According to CBI, Amnesty International (India) has received foreign contributions to the tune of INR 46 Crore (1 Crore = 10 million) from Amnesty International (UK) through the for-profit company named Amnesty International India Private Limited (AIIPL). The complaint by the MHA was that Amnesty India used commercial methods in order to illegally circumvent the provisions of the FCRA, which Amnesty was obliged to observe. Under law, commercial receipts from any ‘foreign source’, including fees in lieu of goods or services, do not fall under the ambit of ‘foreign contribution’ as defined under the FCRA. To evade the FCRA, Amnesty (UK) reportedly remitted Rs 10 Crore to the for-profit entity in India and classified it as Foreign Direct Investment (FDI) under Foreign Exchange Management Act (FEMA) instead of FCRA.
Purportedly upon inspecting the Books of Accounts of Amnesty International India Pvt. Ltd, Bangalore, the MHA found that the for-profit company indulged in activities “that were not commensurate to the activities of a for-profit company but constituted activities that are either prohibited or regulated under FCRA.”
Under FCRA, any person, which includes associations, having a definite cultural, economic, educational, religious, or social programme can receive foreign contributions only after obtaining the prior permission of the Central Government, or becoming registered with the Central Government under FCRA. In other words, the MHA believes that Amnesty International India Pvt. Ltd. as an association has received funds from a ‘foreign source’ “for a definite cultural, economic, educational, religious or social programme” without prior permission or registration under FCRA 2010.
Following the raids, Amnesty International stated that “over the past year, a pattern of harassment has emerged every time Amnesty International India stands up and speaks out against human rights violations in India. Amnesty International India stands in full compliance with Indian and international law.”

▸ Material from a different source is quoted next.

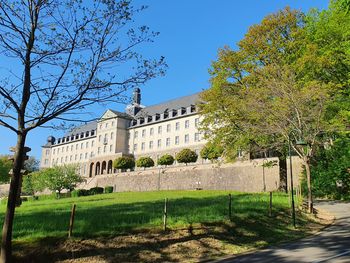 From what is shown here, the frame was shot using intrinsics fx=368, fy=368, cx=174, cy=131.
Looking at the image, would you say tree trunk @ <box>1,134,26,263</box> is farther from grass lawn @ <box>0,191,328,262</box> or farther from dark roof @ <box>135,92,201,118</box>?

Barriers to International Contact
Section 6(6) of the Foreign Exchange Management Act (FEMA) of 1999 regulates the establishment of branch offices, liaison offices, or project offices or any other place of business in India by foreign entities (for-profit or non-profit). Previously provisions of the FCRA were not applicable to International NGOs (INGOS) or International Donor Agencies (IDAs) having their offices in India, as long as these offices received funds or grants in India directly and only from their head office situated overseas. These offices had to be registered with the Reserve Bank of India (RBI) and were regulated by FEMA and not FCRA.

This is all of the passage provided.